Kürsch: Ich bin in Lank-Latum geboren, habe aber mein ganzes Leben in Krefeld gelebt. Ich habe mich immer als Linner gefühlt, bis ich 18 war, habe in Uerdingen gelebt, in Bockum, am Inrath – und ich habe mich überall wohlgefühlt. Krefeld hat hässliche Seiten, heute mehr als früher vielleicht, ist aber auch nach wie vor eine Perle. Ich lebe hier für mein Leben gern.

Wie kriegt man das, was Sie mit dem Blind Guardian Twilight Orchestra auf diesem Album gemacht hat, auf die Bühne? Ist Konzert noch eine passende Form dafür?

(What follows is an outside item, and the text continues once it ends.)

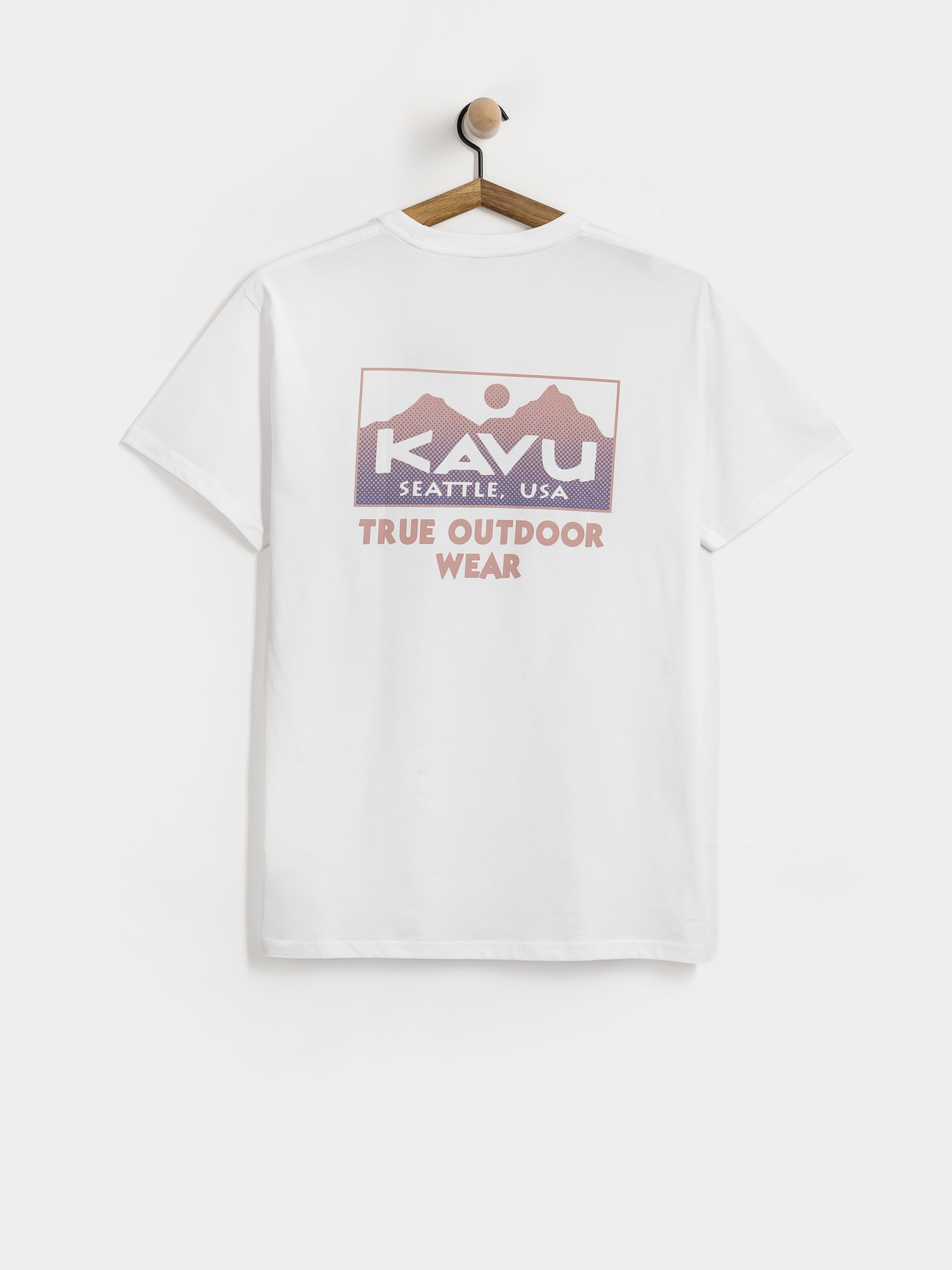 Футболка Kavu True Grade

Kürsch: Wir werden uns Zeit lassen. Wir arbeiten im Moment am nächsten regulären Blind-Guardian-Album und fangen Anfang des nächsten Jahres die Produktion an. Das hält uns ungefähr ein Jahr auf Trab. Dann gehen wir mit Blind Guardian auf Tour und haben für Ende 2021/2022 geplant, das aktuelle Album auf die Bühne zu bringen. Eventuell nur einmal, dann in der Westfalenhalle oder einer ähnlichen Halle. Das steht noch ein bisschen in den Sternen.

Mit Orchester und den Schauspielern?

Kürsch: Ja, mit Orchester und Schauspielern. Wir arbeiten da an allen Fronten und das dauert auch tatsächlich solange, um die Leute so auf die Spur zu bringen, damit da keine Fragen mehr offen sind. Es wird dann eher wie ein Theaterstück sein.

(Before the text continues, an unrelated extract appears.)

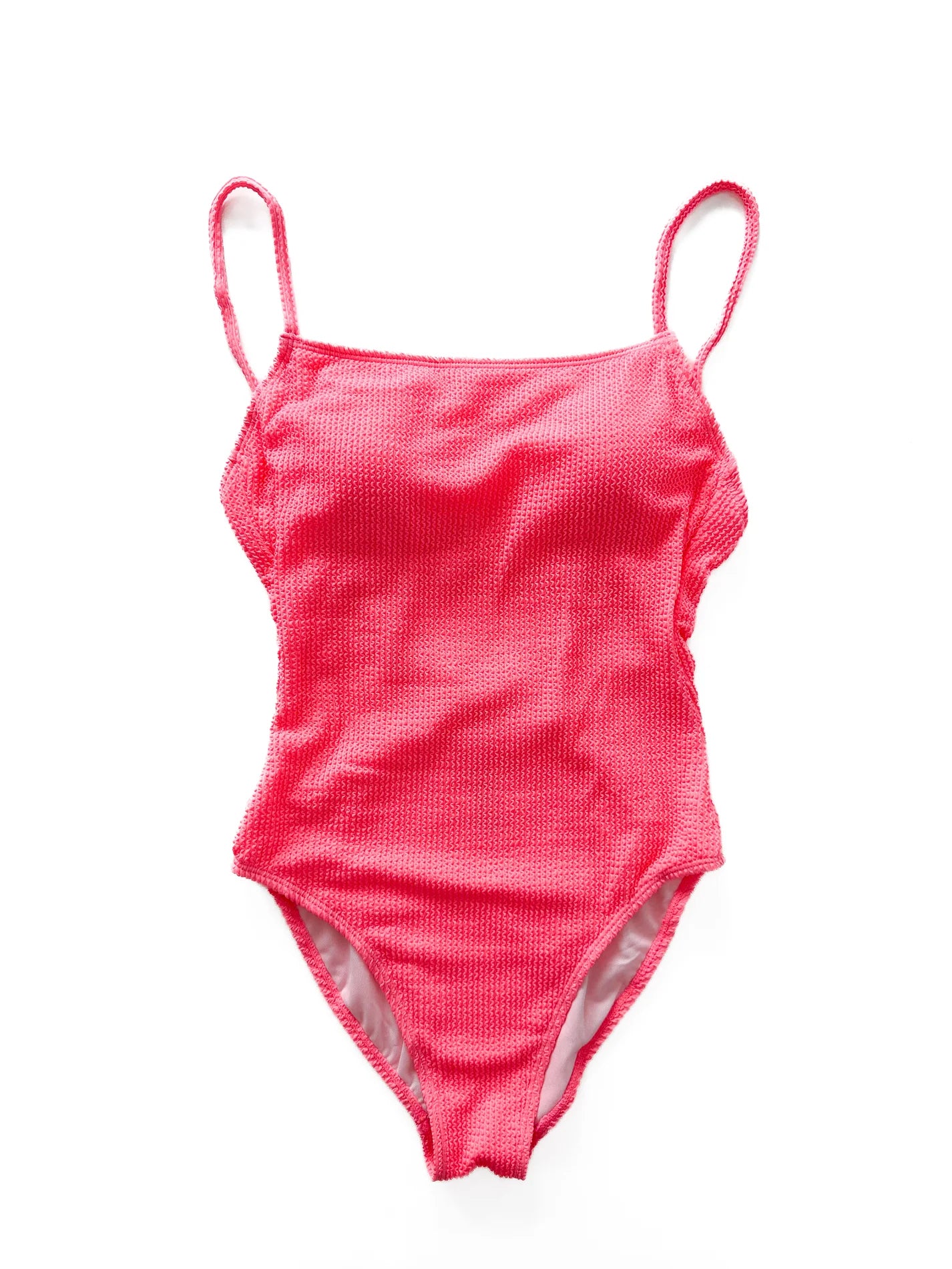 Little Bipsy Women's Swimsuit || Neon Pink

Sie haben sich einen 22 Jahre alten Traum erfüllt, was kann danach kommen?

Kürsch: Wir haben jetzt schon eine Menge Songs für ein zweites Orchester-Album geschrieben. Das heißt: Das nächste Orchester-Album ist einer unserer Träume, auch wenn es wahrscheinlich wieder mehr als fünf Jahre dauern wird, bis wir es fertig haben. Darüber hinaus arbeiten wir an Material, das sich immer etwas anders entwickelt, als ich denke. Die neueste Nummer, die ich heute bekommen habe, klingt schon fast nach einem französischen Krimi. Wir sind also musikalisch noch nicht am Ende.